La atresia ovárica es un proceso degenerativo en el cual los ovocitos en desarrollo no finalizan su maduración. Aunque forma parte de la fisiología reproductiva normal en muchas especies de peces teleósteos, puede presentarse como una patología en respuesta a factores ambientales, endocrinos, nutricionales, inmunológicos o asociados al manejo.

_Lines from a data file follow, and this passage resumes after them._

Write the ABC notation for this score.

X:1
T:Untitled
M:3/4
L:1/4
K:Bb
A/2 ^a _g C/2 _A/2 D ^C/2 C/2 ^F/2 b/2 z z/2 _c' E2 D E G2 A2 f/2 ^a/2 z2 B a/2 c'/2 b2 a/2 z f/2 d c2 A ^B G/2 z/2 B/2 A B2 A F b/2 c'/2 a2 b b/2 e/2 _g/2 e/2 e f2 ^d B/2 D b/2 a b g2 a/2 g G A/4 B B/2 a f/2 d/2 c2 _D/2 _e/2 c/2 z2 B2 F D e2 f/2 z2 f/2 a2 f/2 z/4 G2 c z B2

El diagnóstico y la caracterización macroscópica son fundamentales para evaluar la evolución del desarrollo gonadal y, durante el proceso de desove, permitir el descarte oportuno de hembras no aptas. Este proceso puede estar asociado a estados de insuficiencia reproductiva, disfunciones hormonales, estrés crónico o deficiencias nutricionales (Blazer, 2002; Brown‐Peterson et al., 2011; Grier et al., 2009; Valdebenito et al., 2011).

Patología macroscópica
Los ovarios atrésicos suelen presentar un tamaño marcadamente reducido en comparación con lo esperado para el estadio reproductivo de la hembra. El color característico de los ovarios activos, rosado, es reemplazado por un color blanco o gris. La vascularización disminuye visiblemente, y en algunos casos se observan zonas opacas.

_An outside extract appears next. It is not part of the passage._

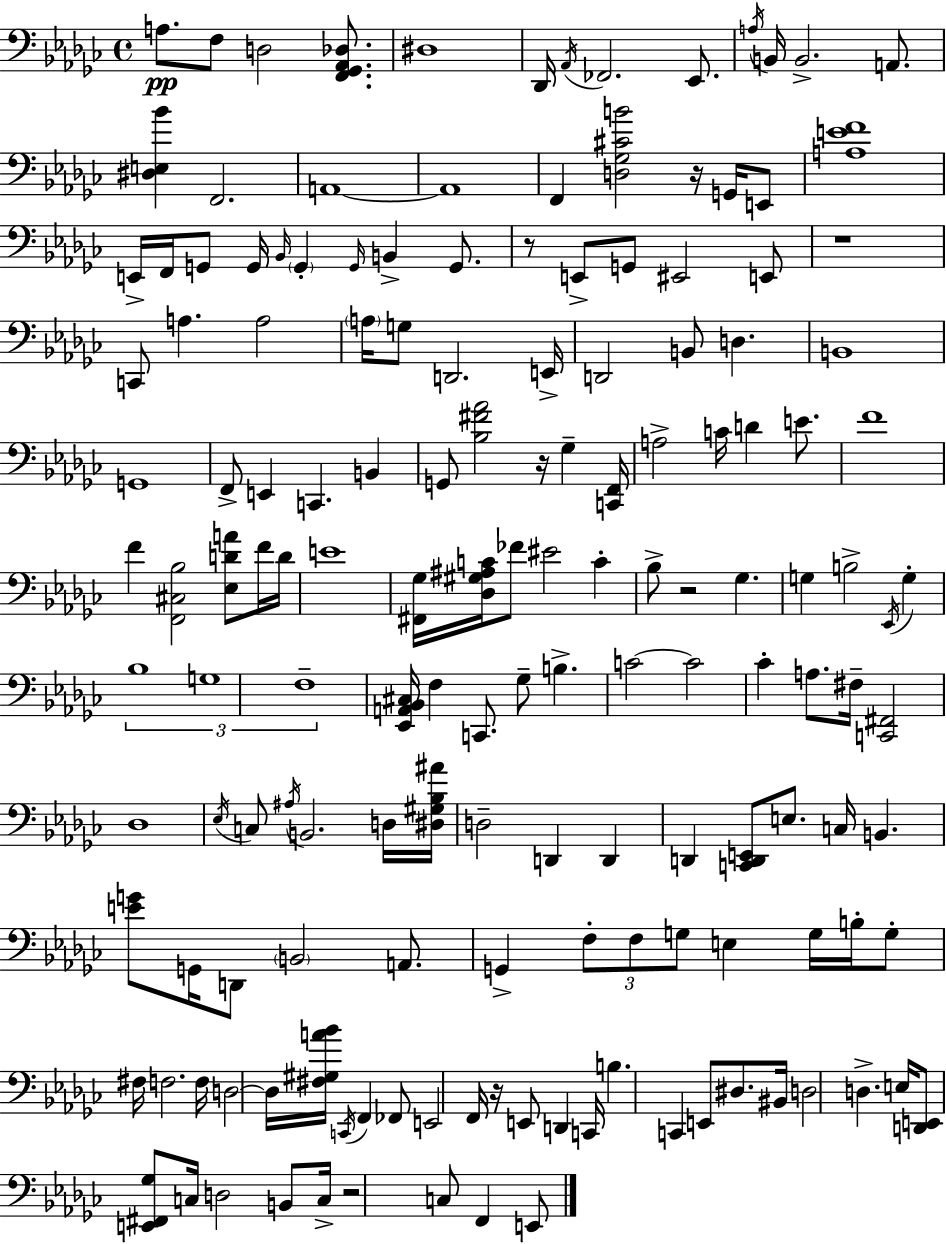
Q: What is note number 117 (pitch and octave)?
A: C2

Los ovocitos muestran un tamaño reducido. Dispersión en el tamaño, coloración blanco o gris y, en algunos casos, superficie irregular. Lo que evidencia un proceso de atresia folicular. El ovario adquiere un aspecto heterogéneo, con regiones que contienen ovocitos en diferentes grados de regresión.
Es común encontrar ovocitos viables coexistiendo con estructuras atrésicas, lo que indica un proceso de involución parcial o progresivo.